[What is expected]
Each entry below should be retyped exactly as given.

[Records]
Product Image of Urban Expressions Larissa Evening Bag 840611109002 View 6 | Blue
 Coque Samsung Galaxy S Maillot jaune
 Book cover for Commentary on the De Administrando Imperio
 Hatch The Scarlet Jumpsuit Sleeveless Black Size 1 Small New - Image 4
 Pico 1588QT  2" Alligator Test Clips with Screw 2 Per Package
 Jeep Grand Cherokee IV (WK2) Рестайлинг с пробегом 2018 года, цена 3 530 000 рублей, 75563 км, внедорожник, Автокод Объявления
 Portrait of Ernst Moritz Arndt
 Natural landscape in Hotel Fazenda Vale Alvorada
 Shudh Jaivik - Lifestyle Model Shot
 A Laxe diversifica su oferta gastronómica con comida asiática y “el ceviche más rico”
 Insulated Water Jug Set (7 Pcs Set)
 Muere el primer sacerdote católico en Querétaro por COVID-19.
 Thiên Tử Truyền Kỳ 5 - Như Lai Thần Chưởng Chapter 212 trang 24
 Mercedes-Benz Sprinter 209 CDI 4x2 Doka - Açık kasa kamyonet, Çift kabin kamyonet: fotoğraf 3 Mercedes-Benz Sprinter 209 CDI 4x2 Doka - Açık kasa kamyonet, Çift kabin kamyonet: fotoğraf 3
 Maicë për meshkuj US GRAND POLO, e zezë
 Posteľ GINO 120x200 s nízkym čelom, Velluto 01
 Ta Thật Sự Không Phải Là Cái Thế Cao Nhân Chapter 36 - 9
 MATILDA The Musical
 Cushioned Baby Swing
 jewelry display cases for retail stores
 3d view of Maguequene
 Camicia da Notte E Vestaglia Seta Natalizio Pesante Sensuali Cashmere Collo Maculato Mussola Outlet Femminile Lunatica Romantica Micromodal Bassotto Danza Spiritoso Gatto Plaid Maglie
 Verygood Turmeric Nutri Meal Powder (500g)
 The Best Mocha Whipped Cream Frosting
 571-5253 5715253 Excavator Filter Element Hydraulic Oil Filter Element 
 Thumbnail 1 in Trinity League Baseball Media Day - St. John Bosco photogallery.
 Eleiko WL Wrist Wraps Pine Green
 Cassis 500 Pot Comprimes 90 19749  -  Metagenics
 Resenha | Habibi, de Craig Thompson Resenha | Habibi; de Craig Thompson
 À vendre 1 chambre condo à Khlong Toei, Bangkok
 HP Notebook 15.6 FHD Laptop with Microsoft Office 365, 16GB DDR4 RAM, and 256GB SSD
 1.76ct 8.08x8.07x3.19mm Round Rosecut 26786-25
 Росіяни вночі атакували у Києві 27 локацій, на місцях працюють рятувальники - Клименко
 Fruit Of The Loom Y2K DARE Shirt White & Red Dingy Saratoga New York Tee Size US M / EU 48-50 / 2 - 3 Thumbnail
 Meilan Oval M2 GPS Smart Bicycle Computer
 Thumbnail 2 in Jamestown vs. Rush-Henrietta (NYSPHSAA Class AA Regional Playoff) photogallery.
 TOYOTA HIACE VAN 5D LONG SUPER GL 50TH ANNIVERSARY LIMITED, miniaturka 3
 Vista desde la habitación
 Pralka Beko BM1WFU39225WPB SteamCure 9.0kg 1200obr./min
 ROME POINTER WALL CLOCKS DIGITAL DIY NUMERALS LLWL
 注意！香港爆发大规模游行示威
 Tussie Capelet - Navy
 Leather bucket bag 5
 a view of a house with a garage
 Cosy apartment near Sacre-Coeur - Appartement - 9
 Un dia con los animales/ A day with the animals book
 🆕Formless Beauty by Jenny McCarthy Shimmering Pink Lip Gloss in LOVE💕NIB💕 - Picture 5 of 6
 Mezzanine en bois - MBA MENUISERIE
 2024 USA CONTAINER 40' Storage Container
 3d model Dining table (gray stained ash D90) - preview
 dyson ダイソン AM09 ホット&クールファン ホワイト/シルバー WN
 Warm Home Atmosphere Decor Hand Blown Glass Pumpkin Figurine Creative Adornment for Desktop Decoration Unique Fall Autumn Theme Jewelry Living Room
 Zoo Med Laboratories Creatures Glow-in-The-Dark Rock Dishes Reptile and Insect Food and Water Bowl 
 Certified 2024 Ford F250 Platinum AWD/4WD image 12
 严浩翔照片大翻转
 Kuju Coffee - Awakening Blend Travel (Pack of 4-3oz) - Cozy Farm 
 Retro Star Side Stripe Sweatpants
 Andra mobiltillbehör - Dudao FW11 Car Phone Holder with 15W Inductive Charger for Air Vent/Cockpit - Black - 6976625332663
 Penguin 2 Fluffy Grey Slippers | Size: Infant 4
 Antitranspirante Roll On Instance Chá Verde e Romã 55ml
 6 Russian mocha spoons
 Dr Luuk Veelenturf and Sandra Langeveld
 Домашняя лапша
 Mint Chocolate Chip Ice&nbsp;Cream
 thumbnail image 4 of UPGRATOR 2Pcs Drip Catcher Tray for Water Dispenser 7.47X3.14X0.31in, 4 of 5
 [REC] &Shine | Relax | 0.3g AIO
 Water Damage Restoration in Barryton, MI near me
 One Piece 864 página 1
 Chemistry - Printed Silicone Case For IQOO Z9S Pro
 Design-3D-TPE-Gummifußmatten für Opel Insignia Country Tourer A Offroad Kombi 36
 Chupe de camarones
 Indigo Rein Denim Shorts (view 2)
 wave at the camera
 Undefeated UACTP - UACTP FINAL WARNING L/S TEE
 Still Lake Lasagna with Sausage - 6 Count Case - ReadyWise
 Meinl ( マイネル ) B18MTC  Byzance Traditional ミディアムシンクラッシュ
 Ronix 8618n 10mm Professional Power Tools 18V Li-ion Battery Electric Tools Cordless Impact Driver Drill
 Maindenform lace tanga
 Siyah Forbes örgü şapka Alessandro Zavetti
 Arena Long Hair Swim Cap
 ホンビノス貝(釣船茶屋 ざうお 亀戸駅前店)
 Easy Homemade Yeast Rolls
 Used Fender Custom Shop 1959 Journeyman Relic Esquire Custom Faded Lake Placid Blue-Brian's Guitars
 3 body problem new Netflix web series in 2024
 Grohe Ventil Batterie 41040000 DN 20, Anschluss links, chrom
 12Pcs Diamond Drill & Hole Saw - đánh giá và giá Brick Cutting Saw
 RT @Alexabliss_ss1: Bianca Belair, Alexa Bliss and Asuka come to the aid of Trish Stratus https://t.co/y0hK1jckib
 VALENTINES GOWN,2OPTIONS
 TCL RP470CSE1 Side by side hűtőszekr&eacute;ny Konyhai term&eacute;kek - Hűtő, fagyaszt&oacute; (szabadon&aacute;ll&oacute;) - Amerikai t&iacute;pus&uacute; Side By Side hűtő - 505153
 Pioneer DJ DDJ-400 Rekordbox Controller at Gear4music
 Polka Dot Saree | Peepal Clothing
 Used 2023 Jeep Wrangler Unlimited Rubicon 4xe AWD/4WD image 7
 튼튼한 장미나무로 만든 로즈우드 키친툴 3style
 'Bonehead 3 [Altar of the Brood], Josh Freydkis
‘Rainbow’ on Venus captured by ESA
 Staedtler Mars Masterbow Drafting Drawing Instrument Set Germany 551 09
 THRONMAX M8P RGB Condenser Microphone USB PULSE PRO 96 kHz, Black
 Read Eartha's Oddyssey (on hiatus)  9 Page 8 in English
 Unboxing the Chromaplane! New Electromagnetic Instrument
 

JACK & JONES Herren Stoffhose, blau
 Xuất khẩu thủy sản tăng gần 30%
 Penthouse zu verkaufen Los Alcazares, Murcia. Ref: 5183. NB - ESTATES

[Written answer]
Product Image of Urban Expressions Larissa Evening Bag 840611109002 View 6 | Blue
 Coque Samsung Galaxy S Maillot jaune
 Book cover for Commentary on the De Administrando Imperio
 Hatch The Scarlet Jumpsuit Sleeveless Black Size 1 Small New - Image 4
 Pico 1588QT  2" Alligator Test Clips with Screw 2 Per Package
 Jeep Grand Cherokee IV (WK2) Рестайлинг с пробегом 2018 года, цена 3 530 000 рублей, 75563 км, внедорожник, Автокод Объявления
 Portrait of Ernst Moritz Arndt
 Natural landscape in Hotel Fazenda Vale Alvorada
 Shudh Jaivik - Lifestyle Model Shot
 A Laxe diversifica su oferta gastronómica con comida asiática y “el ceviche más rico”
 Insulated Water Jug Set (7 Pcs Set)
 Muere el primer sacerdote católico en Querétaro por COVID-19.
 Thiên Tử Truyền Kỳ 5 - Như Lai Thần Chưởng Chapter 212 trang 24
 Mercedes-Benz Sprinter 209 CDI 4x2 Doka - Açık kasa kamyonet, Çift kabin kamyonet: fotoğraf 3 Mercedes-Benz Sprinter 209 CDI 4x2 Doka - Açık kasa kamyonet, Çift kabin kamyonet: fotoğraf 3
 Maicë për meshkuj US GRAND POLO, e zezë
 Posteľ GINO 120x200 s nízkym čelom, Velluto 01
 Ta Thật Sự Không Phải Là Cái Thế Cao Nhân Chapter 36 - 9
 MATILDA The Musical
 Cushioned Baby Swing
 jewelry display cases for retail stores
 3d view of Maguequene
 Camicia da Notte E Vestaglia Seta Natalizio Pesante Sensuali Cashmere Collo Maculato Mussola Outlet Femminile Lunatica Romantica Micromodal Bassotto Danza Spiritoso Gatto Plaid Maglie
 Verygood Turmeric Nutri Meal Powder (500g)
 The Best Mocha Whipped Cream Frosting
 571-5253 5715253 Excavator Filter Element Hydraulic Oil Filter Element 
 Thumbnail 1 in Trinity League Baseball Media Day - St. John Bosco photogallery.
 Eleiko WL Wrist Wraps Pine Green
 Cassis 500 Pot Comprimes 90 19749  -  Metagenics
 Resenha | Habibi, de Craig Thompson Resenha | Habibi; de Craig Thompson
 À vendre 1 chambre condo à Khlong Toei, Bangkok
 HP Notebook 15.6 FHD Laptop with Microsoft Office 365, 16GB DDR4 RAM, and 256GB SSD
 1.76ct 8.08x8.07x3.19mm Round Rosecut 26786-25
 Росіяни вночі атакували у Києві 27 локацій, на місцях працюють рятувальники - Клименко
 Fruit Of The Loom Y2K DARE Shirt White & Red Dingy Saratoga New York Tee Size US M / EU 48-50 / 2 - 3 Thumbnail
 Meilan Oval M2 GPS Smart Bicycle Computer
 Thumbnail 2 in Jamestown vs. Rush-Henrietta (NYSPHSAA Class AA Regional Playoff) photogallery.
 TOYOTA HIACE VAN 5D LONG SUPER GL 50TH ANNIVERSARY LIMITED, miniaturka 3
 Vista desde la habitación
 Pralka Beko BM1WFU39225WPB SteamCure 9.0kg 1200obr./min
 ROME POINTER WALL CLOCKS DIGITAL DIY NUMERALS LLWL
 注意！香港爆发大规模游行示威
 Tussie Capelet - Navy
 Leather bucket bag 5
 a view of a house with a garage
 Cosy apartment near Sacre-Coeur - Appartement - 9
 Un dia con los animales/ A day with the animals book
 🆕Formless Beauty by Jenny McCarthy Shimmering Pink Lip Gloss in LOVE💕NIB💕 - Picture 5 of 6
 Mezzanine en bois - MBA MENUISERIE
 2024 USA CONTAINER 40' Storage Container
 3d model Dining table (gray stained ash D90) - preview
 dyson ダイソン AM09 ホット&クールファン ホワイト/シルバー WN
 Warm Home Atmosphere Decor Hand Blown Glass Pumpkin Figurine Creative Adornment for Desktop Decoration Unique Fall Autumn Theme Jewelry Living Room
 Zoo Med Laboratories Creatures Glow-in-The-Dark Rock Dishes Reptile and Insect Food and Water Bowl 
 Certified 2024 Ford F250 Platinum AWD/4WD image 12
 严浩翔照片大翻转
 Kuju Coffee - Awakening Blend Travel (Pack of 4-3oz) - Cozy Farm 
 Retro Star Side Stripe Sweatpants
 Andra mobiltillbehör - Dudao FW11 Car Phone Holder with 15W Inductive Charger for Air Vent/Cockpit - Black - 6976625332663
 Penguin 2 Fluffy Grey Slippers | Size: Infant 4
 Antitranspirante Roll On Instance Chá Verde e Romã 55ml
 6 Russian mocha spoons
 Dr Luuk Veelenturf and Sandra Langeveld
 Домашняя лапша
 Mint Chocolate Chip Ice&nbsp;Cream
 thumbnail image 4 of UPGRATOR 2Pcs Drip Catcher Tray for Water Dispenser 7.47X3.14X0.31in, 4 of 5
 [REC] &Shine | Relax | 0.3g AIO
 Water Damage Restoration in Barryton, MI near me
 One Piece 864 página 1
 Chemistry - Printed Silicone Case For IQOO Z9S Pro
 Design-3D-TPE-Gummifußmatten für Opel Insignia Country Tourer A Offroad Kombi 36
 Chupe de camarones
 Indigo Rein Denim Shorts (view 2)
 wave at the camera
 Undefeated UACTP - UACTP FINAL WARNING L/S TEE
 Still Lake Lasagna with Sausage - 6 Count Case - ReadyWise
 Meinl ( マイネル ) B18MTC  Byzance Traditional ミディアムシンクラッシュ
 Ronix 8618n 10mm Professional Power Tools 18V Li-ion Battery Electric Tools Cordless Impact Driver Drill
 Maindenform lace tanga
 Siyah Forbes örgü şapka Alessandro Zavetti
 Arena Long Hair Swim Cap
 ホンビノス貝(釣船茶屋 ざうお 亀戸駅前店)
 Easy Homemade Yeast Rolls
 Used Fender Custom Shop 1959 Journeyman Relic Esquire Custom Faded Lake Placid Blue-Brian's Guitars
 3 body problem new Netflix web series in 2024
 Grohe Ventil Batterie 41040000 DN 20, Anschluss links, chrom
 12Pcs Diamond Drill & Hole Saw - đánh giá và giá Brick Cutting Saw
 RT @Alexabliss_ss1: Bianca Belair, Alexa Bliss and Asuka come to the aid of Trish Stratus https://t.co/y0hK1jckib
 VALENTINES GOWN,2OPTIONS
 TCL RP470CSE1 Side by side hűtőszekr&eacute;ny Konyhai term&eacute;kek - Hűtő, fagyaszt&oacute; (szabadon&aacute;ll&oacute;) - Amerikai t&iacute;pus&uacute; Side By Side hűtő - 505153
 Pioneer DJ DDJ-400 Rekordbox Controller at Gear4music
 Polka Dot Saree | Peepal Clothing
 Used 2023 Jeep Wrangler Unlimited Rubicon 4xe AWD/4WD image 7
 튼튼한 장미나무로 만든 로즈우드 키친툴 3style
 'Bonehead 3 [Altar of the Brood], Josh Freydkis
‘Rainbow’ on Venus captured by ESA
 Staedtler Mars Masterbow Drafting Drawing Instrument Set Germany 551 09
 THRONMAX M8P RGB Condenser Microphone USB PULSE PRO 96 kHz, Black
 Read Eartha's Oddyssey (on hiatus)  9 Page 8 in English
 Unboxing the Chromaplane! New Electromagnetic Instrument
 

JACK & JONES Herren Stoffhose, blau
 Xuất khẩu thủy sản tăng gần 30%
 Penthouse zu verkaufen Los Alcazares, Murcia. Ref: 5183. NB - ESTATES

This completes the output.